Confirmado que al menos uno de los hechos no tuvo ningún motivo étnico o ideológico, cabría preguntarse si realmente existe algo así como un supremacismo blanco violento. Si se revisan las peores matanzas o atentados en la historia de los Estados Unidos, se puede apreciar que en ellas no aparece precisamente esta causa como motivacional. Los dos mayores atentados, el del 11 de septiembre del 2001 y la destrucción del edificio federal de Oklahoma en 1995, fueron producto del integrismo islámico sunita uno y de un acto terrorista antisistema el otro.

La mayor masacre perpetrada, ocurrida en 2017 en un recital country en Las Vegas, fue cuando un millonario se puso a disparar desde una habitación de hotel contra la multitud, causando 59 muertos y 851 heridos, sin ninguna motivación.
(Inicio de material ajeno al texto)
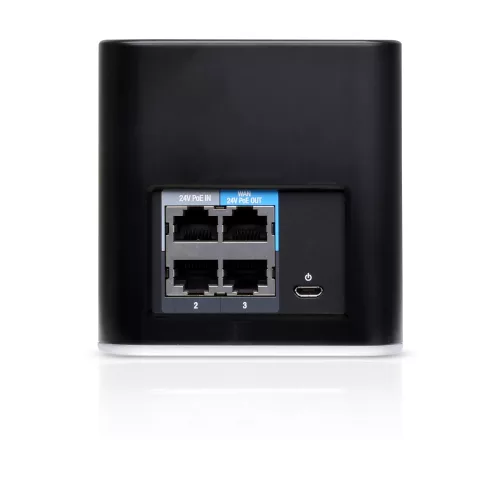 UBIQUITI AirCube ISP WiFi Router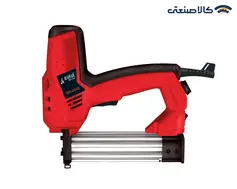 میخکوب و منگنه کوب برقی محک مدل SN-2532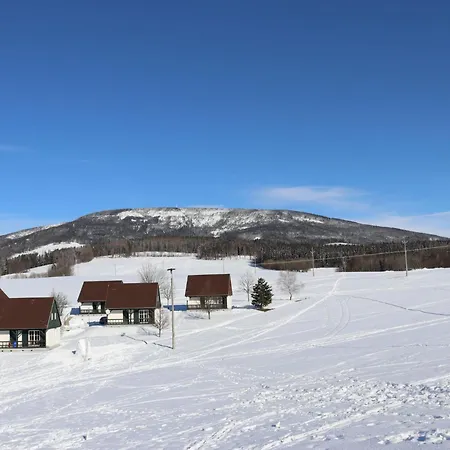 Hill 29 By Interhome Semesterbostad *
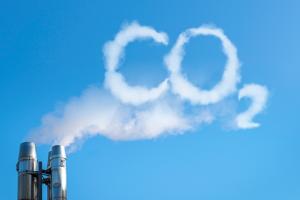 【零碳新经济】直接空气捕获或成为拯救地球的最大环保产业！投资者也在蜂拥而至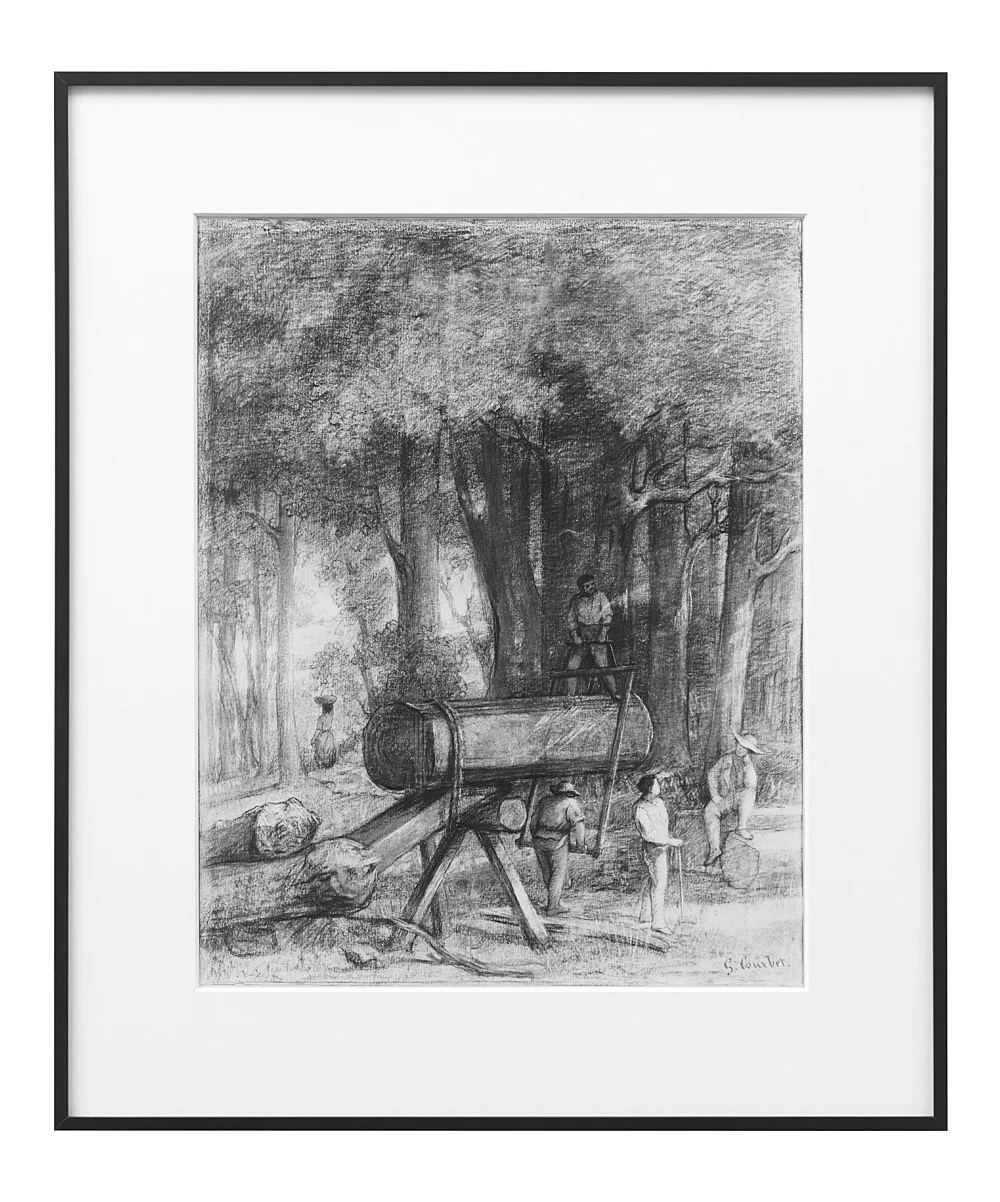 8220EarlyWorks8221 — Isa Genzken — Exhibitions — Galerie Buchholz — Image 43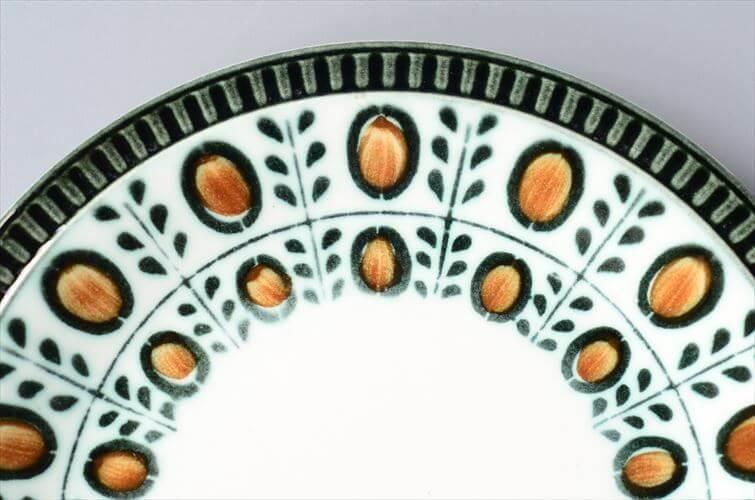 196070ǯ ٥륮 ơ BOCH NOIX 19cm ץ졼 ܥå Υ   ƫ ƥ  衼å_it3578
La tragedia más grande que se produjo en una universidad resultó de un estudiante surcoreano criado en Virginia, que en 2007 decidió eliminar a 33 personas sin un porqué ideológico, ocasionando lo que se llamó la masacre de Virginia Tech. La gran matanza que se creía dirigida contra un colectivo social se produjo en una discoteca gay en Orlando, cuando un estadounidense -hijo de afganos- ingresó armado al lugar y dejó un saldo de 50 muertos y 53 heridos en 2016. Si bien se creyó inicialmente que el acto estaba dirigido contra la comunidad LGTB, una investigación del FBI arrojó que el motivo fue la radicalización del autor, que había proclamado su fidelidad al Estado Islámico.

Finalmente, la causa más extraña para una serie de asesinatos se encontró en 2014, cuando un joven de 22 años, agobiado por su virginidad, se suicidaba tras haber asesinado a 7 personas y herido a otras 13. Integraba la tribu urbana de los "incels", los célibes involuntarios, hombres frustrados por ser rechazados por las mujeres.

Cuando el ensayista alemán Hans Magnus Enzensberger creó, en una obra publicada en 2006, una categoría para aquellas personas que llevaban adelante actos violentos que resultaban de cualquier motivación -desde un arrebato irracional a un atentado-, como "perdedores radicales", los definía como hombres de cualquier edad, frustrados y dispuestos a abrazar la causa que fuera. Si bien la categorización estaba relacionada a la realidad europea, dueña de una enorme complejidad ideológica, religiosa y étnica, la figura es aplicable también a lo que acontece en los Estados Unidos, donde jóvenes movilizados por una agresión sin contenido y en el marco de un proceso de desintegración social, de anomia y de retirada del Estado, encuentran en la violencia el sentido y el fin de sus vidas. 

Así, en la política, como en las guerras, lo primero que muere es la verdad.